BERITA PAJAK SEPEKAN

Terpopuler: Siap-Siap PPS Segera Dimulai, Ungkap Harta di Awal Periode

Redaksi DDTCNews
Sabtu, 18 Desember 2021 | 08.00 WIB
Terpopuler: Siap-Siap PPS Segera Dimulai, Ungkap Harta di Awal Periode

Ilustrasi. Berita pajak sepekan, 13-17 Desember 2021.

JAKARTA - Pemberitaan paling populer dalam sepekan terakhir didominasi oleh isu terkait implementasi UU Harmonisasi Peraturan Perpajakan (HPP), khususnya program pengungkapan sukarela (PPS). Topik soal PPS memang mulai naik daun. Maklum, waktu pelaksanannya dimulai 2 pekan lagi yakni 1 Januari 2022. 

Kementerian Keuangan juga mulai gencar melakukan sosialisasi UU HPP dalam sepekan ini. Bahkan Menkeu Sri Mulyani sendiri yang turun langsung jadi pembicara dalam beberapa kali acara sosialisasi level nasional. Berjalan secara bersaman, aturan turunan dari UU HPP terutama terkait PPS sedang digodok dan segera dirilis. 

Dalam sebuah acara sosialisasi pada awal pekan ini, Sri Mulyani juga gamblang meminta para wajib pajak untuk mulai siap-siap mengikuti PPS. Kebijakan ini hanya berlaku 6 bulan, yakni 1 Januari hingga 30 Juni 2022.

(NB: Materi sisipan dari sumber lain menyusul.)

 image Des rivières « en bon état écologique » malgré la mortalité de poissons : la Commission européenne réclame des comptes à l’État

PPS dapat diikuti wajib pajak orang pribadi dan badan peserta tax amnesty dengan basis aset per 31 Desember 2015 yang belum diungkapkan. Selain itu, program tersebut juga dapat diikuti wajib pajak orang pribadi yang belum mengikuti tax amnesty dengan basis aset perolehan 2016-2020 yang belum dilaporkan dalam SPT tahunan 2020.

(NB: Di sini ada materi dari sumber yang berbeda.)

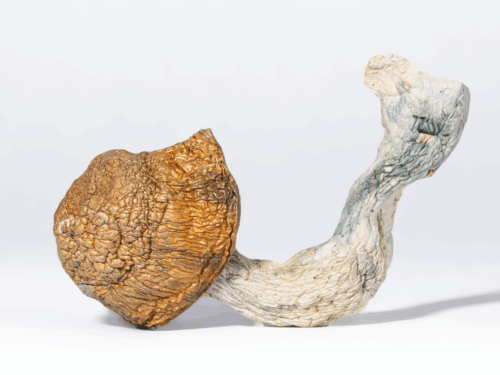 Tidal Wave Mushrooms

Nantinya, peserta PPS akan dikenakan pajak penghasilan (PPh) final yang tarifnya berbeda-beda tergantung pada perlakuan wajib pajak terhadap harta yang diungkapkan.

Sri Mulyani meminta wajib pajak tidak menunda keikutsertaannya dalam PPS. Alasannya, kemungkinan Ditjen Pajak (DJP) menemukan harta yang tidak dilaporkan sudah semakin besar.

Hal itu terjadi karena saat ini DJP dapat memanfaatkan data dari skema automatic exchange of information (AEoI), memiliki akses informasi tidak terbatas dari seluruh sektor keuangan, serta menjalin kerja sama global untuk penagihan.

"Kalau masih ada yang kelupaan, Bapak-Ibu sekalian bisa sekarang membetulkan. Itu makanya pengungkapan sukarela," ujarnya.

Jangan Tunggu Injury Time
Sri Mulyani juga mewanti-wanti wajib pajak yang berencana mengikuti PPS agar memanfaatkan mementum di awal waktu. Hal ini demi menghindari penumpukan peserta PPS di akhir waktu menjelang batas waktu. Jika peserta menumpuk di akhir, maka ada risiko gangguan jaringan yang mengancam. 

Kebijakan PPS menerapkan tarif PPh final yang tidak berubah selama 6 bulan penerapan. Skema tarif PPh final tersebut berbeda dengan tarif pada program tax amnesty 2016. Oleh karena itu, wajib pajak diimbau tidak menunggu hingga akhir periode dalam memanfaatkan kebijakan PPS.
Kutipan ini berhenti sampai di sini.